Today the Equal Employment Opportunity Commission (EEOC) published its final rule on Affirmative Action for Individuals with Disabilities in Federal Employment. It becomes effective 60 days from publication, and its provisions are applicable beginning January 3, 2018. Indeed, federal employees with disabilities – and federal job seekers with disabilities – have some great things to look forward to!

Most importantly, the rule adds two significant requirements to the administration of the Rehabilitation Act. First, those federal employees with targeted disabilities requiring personal assistance (PA) services for work and work-related travel can receive them from their employing agency as a reasonable accommodation. This is huge! People with significant mobility disabilities may now be able to use the restroom at work, eat lunch, and have someone put their coat on before they leave for the day. Importantly, the EEOC expects federal agencies to even provide PA services outside of the agency’s infrastructure for those individuals telecommuting.

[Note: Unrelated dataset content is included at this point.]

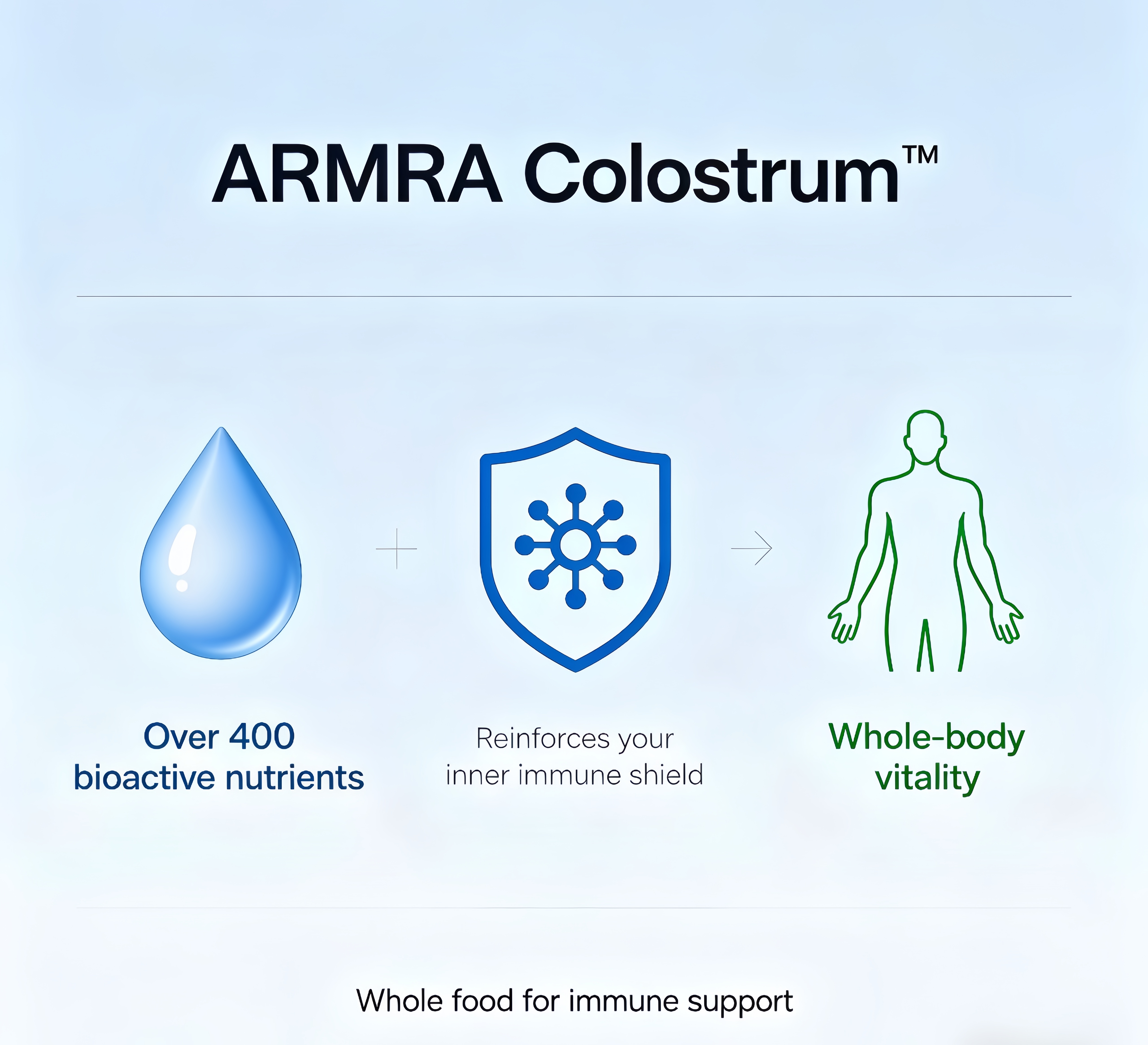 Mechanism of colostrum-derived immunoglobulin action on intestinal epithelial barrier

I would feel a bit strange about my employer being involved in my toileting routine. Fortunately, the EEOC specifically notes that when hiring a PA service provider, the agency shall “give primary consideration to the individual’s preferences to the extent permitted by law.” This means, for example, that if a female employee with a targeted disability only feels comfortable with the assistance of another female, the agency must consider this request. I am grateful to those submitting comments to the EEOC regarding the intimacy of the relationship between a PA service provider and the recipient of those services.

Second, the EEOC is requiring federal agencies to take specifically-designated steps toward hiring more people with disabilities, and particularly those with severe disabilities. (It should be noted that the EEOC specifically refrained from using the word “severe,” after a commentor indicated the lack of political correctness. You’ll get no political correctness from this crip; consider my succinctness a reasonable accommodation for exhausted vocal muscles.) Specifically, the final rule mandates that the following steps be taken to increase the hiring advancement of those with disabilities:

  • Programs and resources should be used to identify applicants with disabilities;
  • Contracting with disability organizations, including vocational rehabilitation programs, centers for independent living, and employment networks;
  • Ensured availability of sufficient personnel to answer disability-related questions;
  • Creating a plan of action to ensure that disable employees have opportunities for advancement, including information about training opportunities and/or a mentoring program;
  • Inclusion of disability within the agency’s anti-harassment policy and training materials;
  • Adoption of easy-to-understand and easily-available reasonable accommodation policies and rights to accessible technology;
  • Guarantee that the agency evaluate its entire budget when determining whether a reasonable accommodation would constitute an undue hardship; and
  • Provide applicants or employees with a written notice (in an accessible format) of why a reasonable accommodation was denied, along with instructions on how to file a discrimination complaint and appeal.

How’s that for being a model employer?! Any guesses on when we can expect the private sector to get on board?